If we knew the precise things that make the most difference in terms of school improvement in order to secure the specific outputs we want, then everyone would be laughing. We would simply do more of those things and the outputs would improve. Voila! Bob’s your uncle!
However, of course we don’t actually have a precise understanding of the inputs to outputs process so we have to make educated guesses. That’s all we can do given the state of evidence in our profession. We make educated guesses about the optimal allocation time to subjects, the nature of our assessments, the nature and frequency of interventions, the use of rewards and sanctions, the use of quality assurance and appraisal processes – all the elements of school life.
It’s only a problem when we make false assumptions such as:
- that an input change that ‘worked’ improving outputs for some students or in another context must therefore work for other students or in a different context;
- that an input change that seemed to generate an improved output in one year can be repeated or sustained generating similar improvements;
- that improvements in one particular output have a causal relationship to all the inputs that changed in that year.
It’s also a problem if some inputs give rise to multiple but competing outputs such as teaching narrowly to a test for short-term recall and performance at the expense of exploring a wider curriculum for longer term engagement with a subject at a higher level. Or assuming that, at system level, all students and schools can be winners, when it’s actually closer to a zero-sum game.
There are lots of measurable outputs including attendance and examination results that are determined by multiple inputs, some of which are in a teacher’s or school’s control and some of which are not. Some outputs such as a student’s personal attributes are much harder (if not impossible) to measure; you can only gauge them in subjective terms. Similarly, whereas some inputs are more tangible – things you do in practice; resources you provide and plans that you can write down – others are less easy to define and control – the spirit in which things are done, the quality of interactions and the level of intensity brought to bear.
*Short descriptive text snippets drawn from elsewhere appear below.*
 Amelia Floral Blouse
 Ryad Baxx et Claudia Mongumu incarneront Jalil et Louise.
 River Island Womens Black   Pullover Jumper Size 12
In my experience, the difficulties arise when things go well or go badly because there’s a tendency to isolate the most tangible measureable outputs and link them to the most tangible measureable inputs even if the links are tenuous or tangential. This then leads to a build-up of received wisdom, school-wide or system-wide, about what works or where the issues lie that isn’t actually well-evidenced. For example, it could be that one school’s success is heavily driven by the ethos in their particular context – such that a change in students’ motivation and consequent diligence in relation to study and practice is highly effective at a particular point in time. However, the school’s use of data targets and PRP for teachers or their Y11 intervention programme might be attributed with the success because they are more tangible. Conversely, all the opposites could be true- that it could be deficits with ethos and motivation that lead to weaker outcomes; not deficits with data targets, PRP and intervention programmes.
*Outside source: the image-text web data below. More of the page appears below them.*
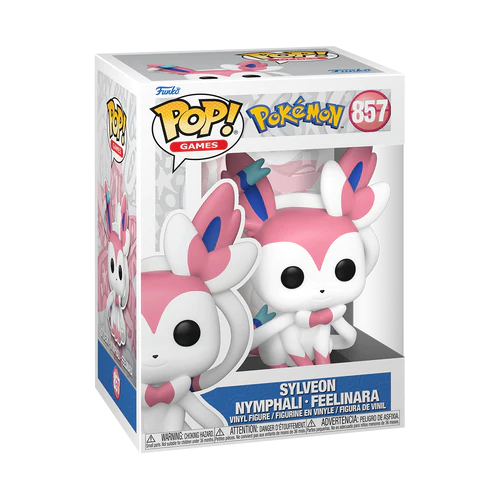 FUNKO - POP POKEMON 857 - Nymphali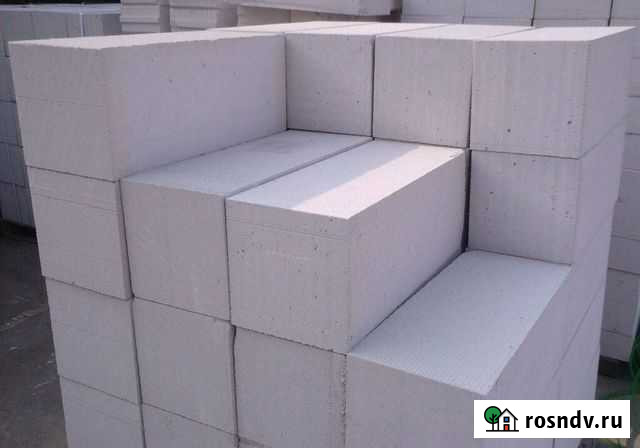Газосиликатный (газобетонный) блок Пенза - изображение 1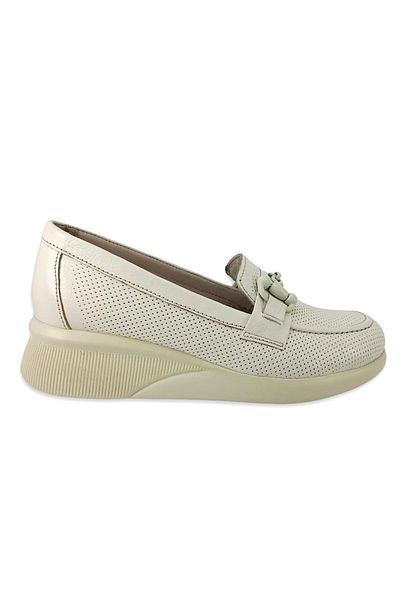ALBİNİ Μπεζ Γυναικεία Casual Παπούτσια Albini 30702 24ya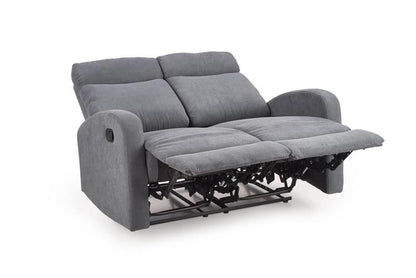 Recliner - Sofa Oslo | size: Width: 128cm, Height: 100cm, Depth: 95cm | color: Gray | image: 0 | variant: 1011030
One area that interests me is the intensity of in-house quality assurance processes – book scrutinies, learning walks and the like and the impact these things have on outcomes. I’ve encountered a very wide range of these systems. Some are hyper-intense with impressively systematic processes with recording systems to match; others are much more organic. To my mind, there isn’t a neat correlation between outcomes and QA intensity or the level of systematisation – but all kinds of (false) assumptions are made about this.
Another is in the central area of teaching for exam success. Leaving aside the zero-sum bell-curve issue, it’s sometimes very difficult to pin down the precise input source for success or disappointment in the outcomes. Teachers that seem very ordinary (-ie they don’t appear to do anything special) can get great results; others with a reputation for dazzling in the classroom can be disappointed in August. How often do we get into the subject-specific dirt here – the precise issues of pace and depth of topic coverage, concept sequencing, the frequency of practice across the range of topics and question types, the persistence of misconceptions, students’ capacity to perform under timed conditions – all of that?
These nitty-gritty issues and the way they vary between teachers and teaching groups are probably where cause-effect connections can be made but it’s not clear that our scrutiny processes actually reach into that territory especially for non-specialists. Leaders might focus on compliance with behaviour protocols, records of how many PP students attended the Saturday revision sessions and various generic presentational issues in book scrutiny exercises because these are things they can actually do. They might only serve as loose proxy indicators for the things that really matter; even though there is some plausible cause-effect link to be made, they might all be red herrings. Even if you get good attendance from a certain sub-group at your interventions, this might not be the reason they do well. Sure, it can’t harm them, but it could be mistake to put more resources into interventions if they’re not the source of the success.
My main issue with this is that, despite the obvious complexity, all too often people just want easy answers. We end up with systems in schools that take time and energy for very little gain; they serve the accountability masters with tangible evidence of plausible cause-effect school improvement activity; anything you can stick in a table or a graph satisfies the itch for control. But they don’t actually necessarily make a damned bit of difference. We should at least be able to raise the questions: Why are we doing this? What difference does it make? How do we know?